La figure 3 est une représentation tridimensionnelle de l'occupation du sous-sol associée au toit de la nappe phréatique. Elle montre, selon trois angles de vue différents, la répartition géographique, ainsi que la profondeur atteinte par les structures souterraines. La vue de dessous précise les différentes constructions qui interfèrent avec les nappes.
III. — Conceptualisation du Modèle
La création d'un modèle mathématique hydrodynamique, s'étendant sur l'emprise de la capitale, nécessite la conceptualisation des formations géologiques en fonction de leurs propriétés hydrogéologiques. Cette étape permet de créer un système comportant 6 couches aquifères et 5 couches semi-perméables qui sont complétées par des limites à flux nul ou à potentiel imposé selon notre zone d'étude.
Ces valeurs de calage sont obtenues à partir de cartes piézométriques de 2010 des différentes nappes parisiennes que nous avons réalisées à partir de 669 piézomètres répartis sur la capitale et sa proche banlieue. Le modèle est ensuite discrétisé en 607 171 mailles carrées de 50 mètres de coté en intégrant les données du sous-sol nécessaires à la modélisation (nature des formations géologiques et de son affleurement, présence et type de la structure souterraine, l'existence de cours d'eau, le volume des prélèvements ...)
Ce modèle mathématique hydrodynamique a pu être construit, et permet à ce jour de faire des simulations, en régime permanent, qui mettent en évidence le rôle des prélèvements d'eau sur le comportement des nappes à Paris.
IV. — Conclusion
La conceptualisation d'un modèle hydrodynamique en milieu urbain doit passer dans un premier temps par la réalisation d'un Système d'Information Géographique (SIG) du sous-sol en 3 dimensions. Cette étape est complexe et nécessite de récupérer de très nombreuses données issues de différents gestionnaires. Pour Paris, il n'y avait aucun précédent, et cela a impliqué la cartographie en 3 dimensions de 20 000 infrastructures souterraines associées aux formations géologiques à partir de plus de 20 000 sondages.

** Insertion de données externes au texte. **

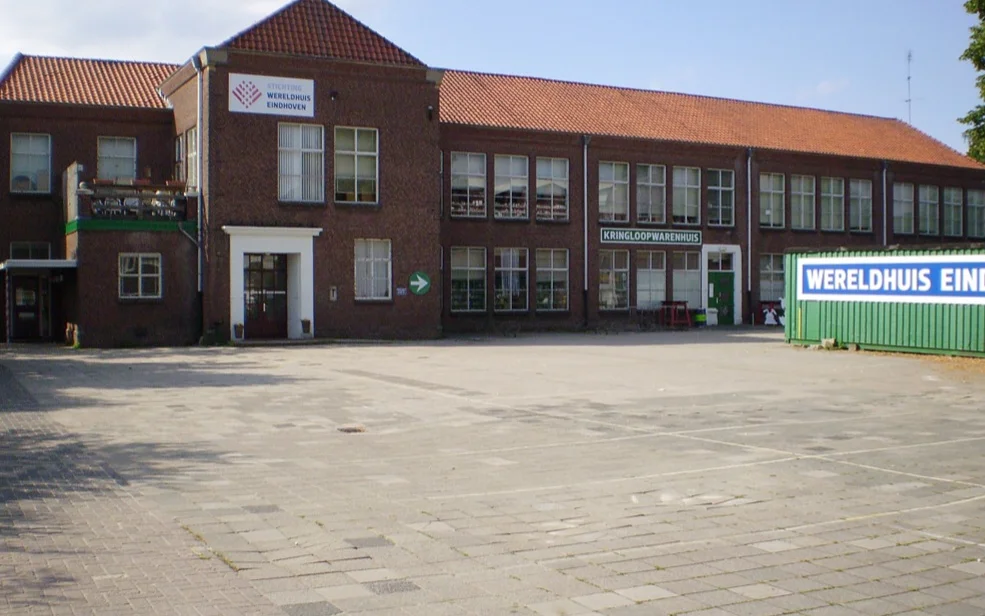 Voorkant van een bakstenen kringloopwinkel met grote ramen en groene accenten, gezien vanaf het plein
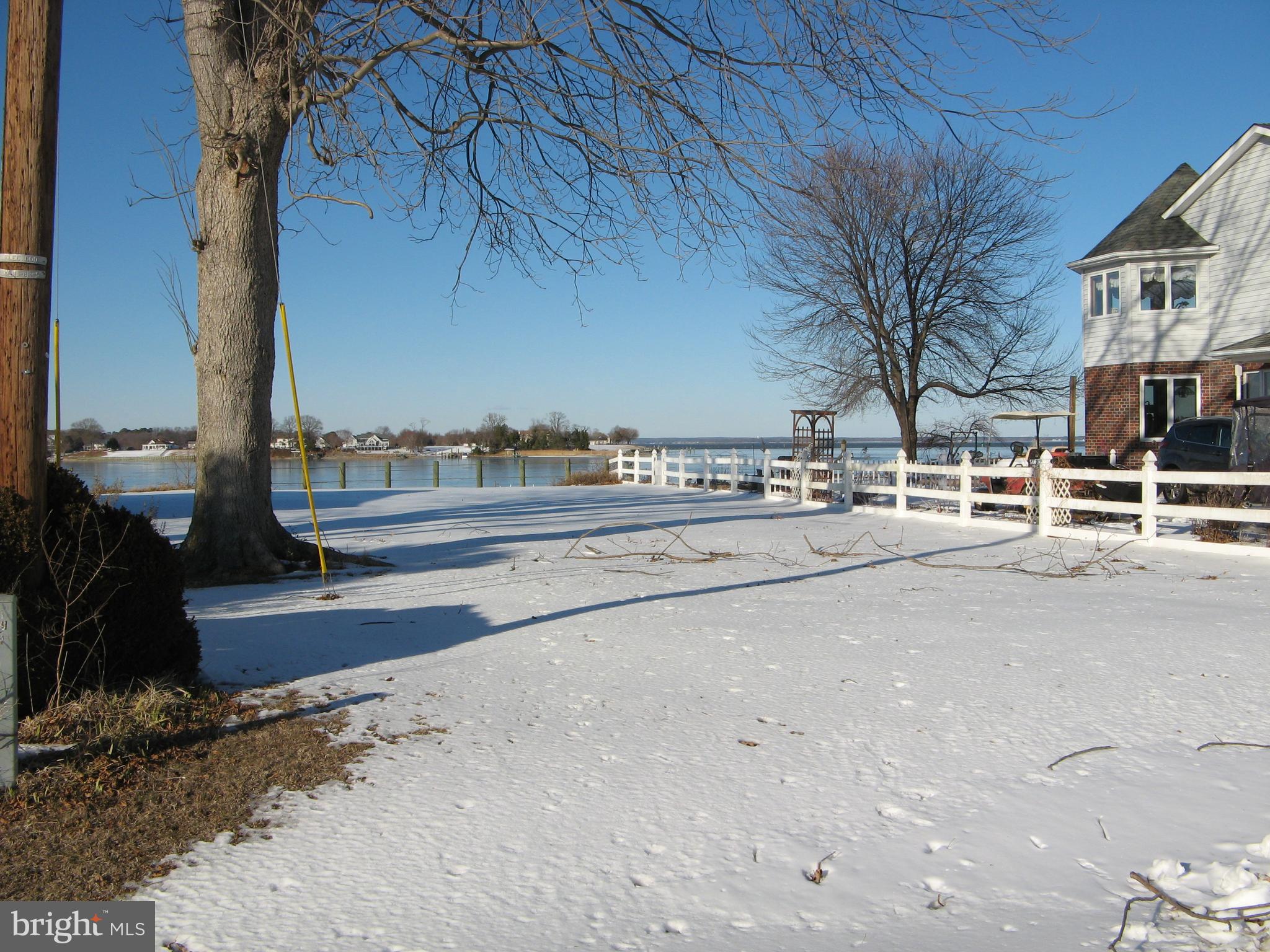 57 Oak Lane Colonial Beach, VA 22443 - Photo 44 of 47 a view of a street with an trees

Le calage du modèle hydrodynamique passe par l'élaboration de cartes piézométriques des différentes nappes parisiennes réalisées à partir des 669 piézomètres appartenant à l'IGC, à la RATP et au BRGM. La dernière carte piézométrique de Paris remontait à 1988 (Prunier-Leparmentier, 1988). Le modèle mathématique réalisé et calé grâce à l'ensemble de ces données permet de simuler le comportement des nappes selon le régime actuel avec cependant des incertitudes concernant la piézométrie des nappes plus profondes. Ce type de modélisation est un outil qui devient fondamental afin d'identifier les zones susceptibles de subir des désordres en cas de modification du régime actuel, comme par exemple avec la venue d'une crue centennale, et de définir les mesures de prévention nécessaires. Quant aux incertitudes du modèle, elles mettent en évidence la nécessité de regrouper l'ensemble des données collectées par les différents aménageurs et gestionnaires des infrastructures souterraines afin de pouvoir le fiabiliser plus encore.